Mr. Speaker, I rise on a point of order concerning the amendments at report stage of Bill C-5, An Act respecting civil liability and compensation for damage in case of a nuclear incident. Before you make a ruling on the selection of these amendments for debate, I would like to bring two things to your attention.
First, I point out that the member for Western Arctic is his party's energy critic and was present in committee during consideration of the clauses where report stage amendments had been proposed. He had the opportunity to move all these amendments at committee. When these clauses were debated at committee, he was signed in as a full member of the committee.
Standing Order 76.1(5) states:
The Speaker...will normally only select motions which were not or could not be presented in committee.
Second, I have concerns that some of these amendments would increase the cost to the Crown, and I would like to go through those.
Page 711 of Marleau and Montpetit states:
A royal recommendation not only fixes the allowable charge, but also its objects, purposes, conditions and qualifications. An amendment which either increases the amount of an appropriation, or extends it objects, purposes, conditions and qualifications is inadmissible on the grounds that it infringes on the Crown's financial initiative.
Therefore, I submit that some of the amendments are inconsistent with the royal recommendation that accompanies the bill.
Motion No. 1 proposes to delete clause 21, which limits the liability of an operator to $650 million. I make the point that a similar motion was ruled out of order at committee. This change would apply to all nuclear operators, including those that are agents of the Crown, such as Atomic Energy of Canada Limited, which are funded by the government through appropriations.

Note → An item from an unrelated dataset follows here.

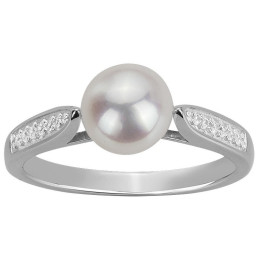 Les bagues ARGENT et perle de culture by Stauffer - 70100716-54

The effect of this motion would increase the costs to the Crown of operating these reactors and therefore would require a royal recommendation. Again, I point out that this was ruled out of order by the Chair at committee. Further clause 26 authorizes the minister to reinsure the risk of operators, which can be funded out of the consolidated revenue fund under clause 27. Therefore, if clause 21 is deleted without the deletion of clause 26, there would be increased liability to the government and that would therefore infringe on the financial initiative of the Crown.

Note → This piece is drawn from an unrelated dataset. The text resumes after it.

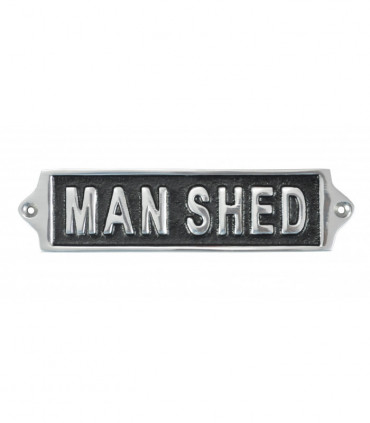18CM MAN SHED WALL SIGN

Motion No. 4 would delete subclauses 24(2) to (5). These provisions presently authorize operators to obtain alternate financial security. This change would apply to all nuclear operators, including those that are agents of the Crown such as Atomic Energy of Canada Limited, which are funded by the government through appropriations. The effect of this motion would increase the cost to the Crown of operating these reactors and therefore requires a royal recommendation.
Motion No. 8, as with Motion No. 1, was ruled out of order at committee. It would have the effect of repealing subclause 34(2) of the bill. Clause 34 relates to interim financial assistance that is payable to persons who, in the minister's opinion, have suffered damage as a result of a nuclear incident.
Subsection (2) of this clause states that the maximum amount paid under subsection (1) may not exceed 20% of the difference between: (a) the amount set out in subsection 21(1), which is $650 million; and (b) the total amounts paid by the operator before the declaration of the governor in council is made to compensate persons for damage arising from the nuclear incident.
A motion to increase the amount from 20% to 40% was defeated at committee on the basis that it would require a royal recommendation. By deleting clause 34(2) the minister could pay 100% of claims before the tribunal would be in a position to adjudicate any such claim for damage suffered as a result of the incident. Again, I point out that a similar motion was ruled out of order at committee.
Motions Nos. 6, 7, 9 and 10 propose to delete clauses of the bill which are designed to ensure the efficient operation of the tribunal established by the bill. For example, Motion No. 9 proposes to delete clause 47, which allows the tribunal to refuse to hear claims which are frivolous and vexatious. We dealt with this at committee where it was defeated. The deletion of these clauses would have the effect of increasing the operating costs to the tribunal and therefore should require a royal recommendation.
In conclusion, I point out, once again, that the member for Western Arctic was part of the committee when it heard much of the subject areas that were dealt with by these amendments. He had the opportunity to make those amendments. It is clear that the motions that would require a royal recommendation cannot be selected for debate at report stage.
The annotated Standing Orders at page 271 state:
Though not mentioned in this section, exception is made for motions requiring a Royal Recommendation, which are inadmissible at committee stage but admissible at report stage. However, if the necessary Royal Recommendation has not been placed on notice by the deadline required in section (3), the motion in question will not be selected.
I therefore submit that these motions should not be selected for debate.